The year I graduated from high school the family took a multi week, cross country car trip out west to attend a family reunion in Montana, visit friends in Utah and Colorado and see all the sites on the way there and back. We were seven people, driving across the country in a station wagon in June and July. I am quite certain that I had a bad attitude before we had even pulled out of our suburban Virginia driveway. In some families, they would still not be talking to one another as a consequence of a trip like this. My mother, ever kind hearted, thought how sad it would be to be that close to my father and not give him the chance to see his children. She got his contact information from one of his many siblings and reached out to him. They arranged a meet up. We were to wait for him at the main lodge in Yellowstone National Park on an arranged day and time. When the appointed day and time arrived, our parents dropped us off at the Lodge and then parked in the vicinity to keep a distant eye on things. The five of us sat on the front porch of that lodge for hours. He never showed. When we arrived home from the trip there was a post card from him mailed from within the park. He claimed to have not been able to find us. We believe he drove past, saw us sitting there and lost his courage. Who knows what happened. My mother’s heart broke. She believed that she had let him hurt us again. She vowed to never let that happen again. After that fiasco, the trip felt like it would never end.  I was eighteen, I missed my boyfriend and friends.  I was anxious to start my post graduation life. I had had enough of “family togetherness.” I wanted to go home. I look unhappy in a lot of the pictures taken on this trip. Being stood up for a date with good ‘ole dad was just the icing on the cake. 

My life took a fast forward not long after our trek out west.  I got married a year later, had a baby right away, another after just eleven months (Irish twins) and my third when I was just twenty six.  I was in the thick of child rearing and trying to keep our heads above water.  There was very little contact between my father and I going both ways for many, many years. My marriage was as happy as it could be for having been just barely out of my teens and pregnant at the onset.  We did our best despite growing apart over the years. Who knows what you’re going to want in a partner when you’re nineteen years old? We did raise three really great kids though and I’m proud of us for that.  When our messy divorce finally came in 2002 I found myself in dire straights. I had a job I loved as an assistant in an elementary school library but the pay was terrible. My ex paid child support but it barely covered the mortgage. I needed money. I had pawned my wedding ring and borrowed to the point of embarrassment from my parents. I felt desperate.  At my lowest, I wrote my father and demanded that he help me. I thickly smeared guilt and obligation all over the letter. A few weeks later I received a letter back with two cashier’s checks totaling around $1,000. I can’t remember the exact amount but it certainly was not a drop in the bucket considering all the years of back child support he had never paid. The card included a note that pretty much said “Don’t ask again. This is all there is.” I thanked him and we easily resumed ignoring one another. Radio silence from him was comfortable and familiar. We went on this way for a very long time.

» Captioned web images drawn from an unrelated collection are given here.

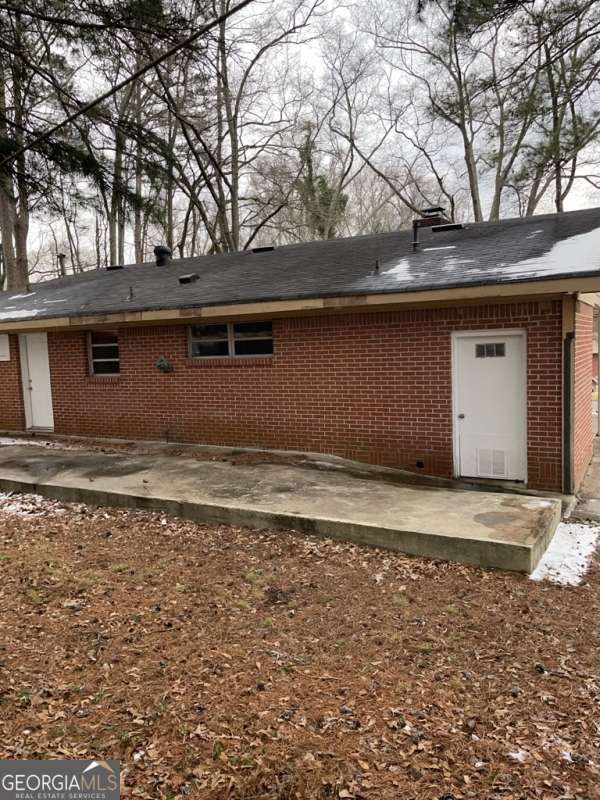 Building Photo - 5898 Elaine Dr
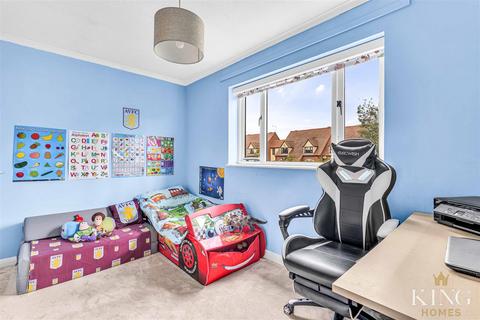 15 Atcheson Close, Studley, B80 7QT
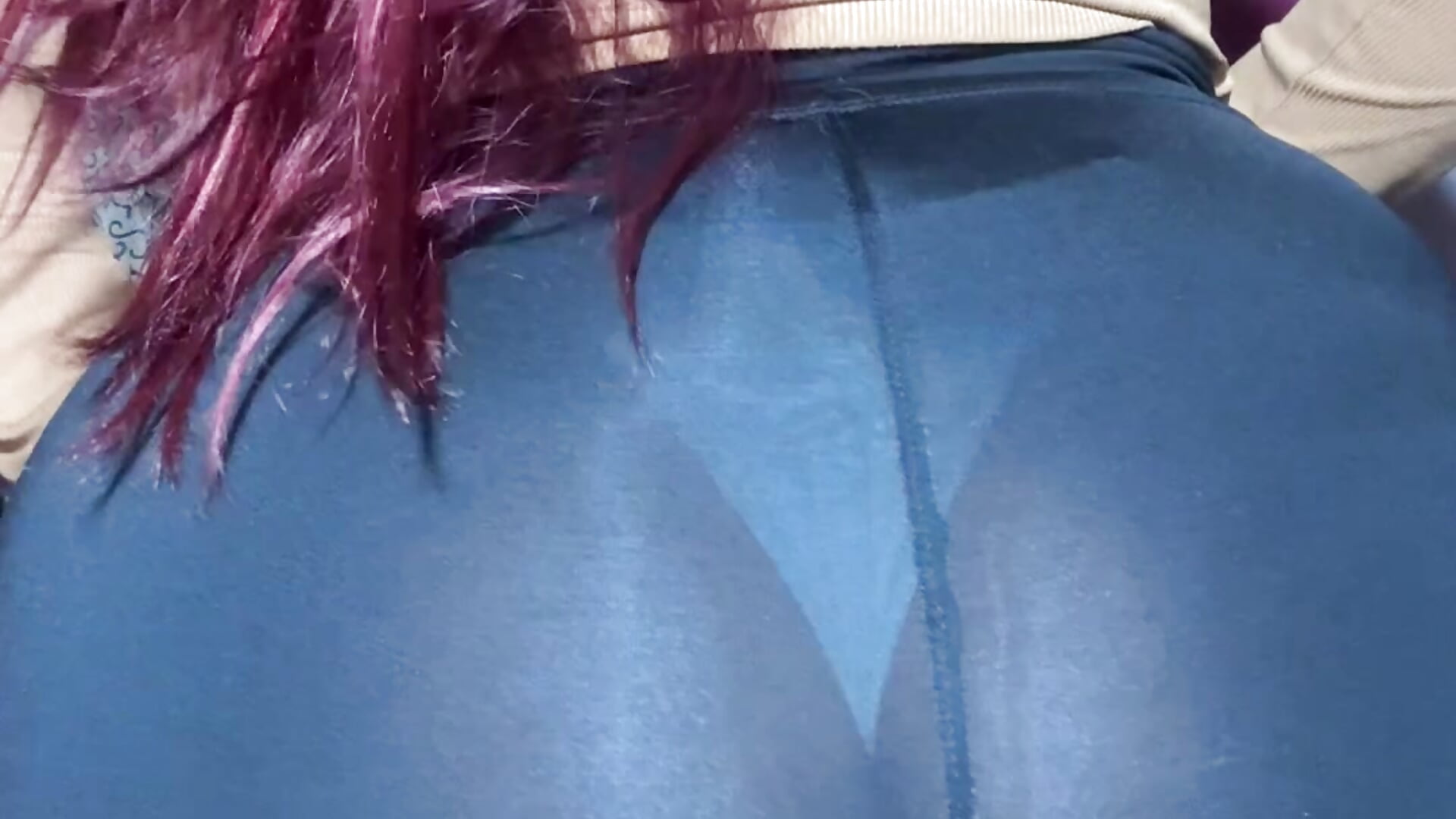 Mira como se me marca toda la tanga - Vídeo de Ludmi_ayee, modelo de vídeos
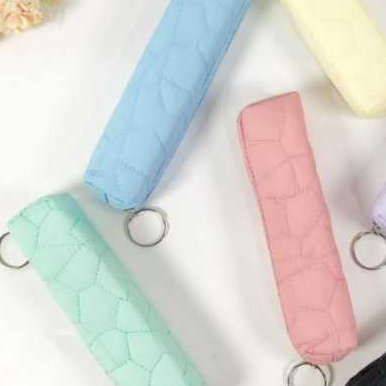 

TEMPAT PENSIL LONTONG MODEL PUFFY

And then, a few years ago, his wife died.  They were married for 40 plus years and then she died, and something changed. Blame it on loneliness, old age, remorse, or a sudden desire to get right with God….we don’t really know but suddenly there he was.  He started sending birthday flowers, Christmas cards, small checks, copies of life insurance policies with us as the beneficiaries.  He made my sister the executor of his will. He moved to South Carolina to live near his sole remaining brother. We panicked. What did this mean? What does he want? What is our legal and moral responsibility towards him? Does he want us to take care of him when he gets old? Will he show up at my door? How is Mom going to feel about this? We joked about how short the distance is between South Carolina and Virginia and that he would show up at my house before he showed up at their houses further north. We didn’t need a dad. Our stepfather had filled that role nicely. We didn’t trust it. It felt suspicious. An escalating worry started to form about why he was ‘coming back around’. We might not have needed him but maybe there was some reason he needed us and that’s what worried me. Then, as if right on cue, I got a text message from my sister. “He wants to meet.” I wasn’t surprised. We saw it coming from a mile away. We knew eventually that it would happen. What we had to figure out was what we wanted to do about it.

 

 

 

Goodbye Dylan

Goodbye Dylan

A few weeks ago my son came home and told me that his Dad's dog Dylan had passed away. My ex husband and I have been divorced almost ten years and we haven't had any contact since Alex graduated in 2009 but this news made me very sad. 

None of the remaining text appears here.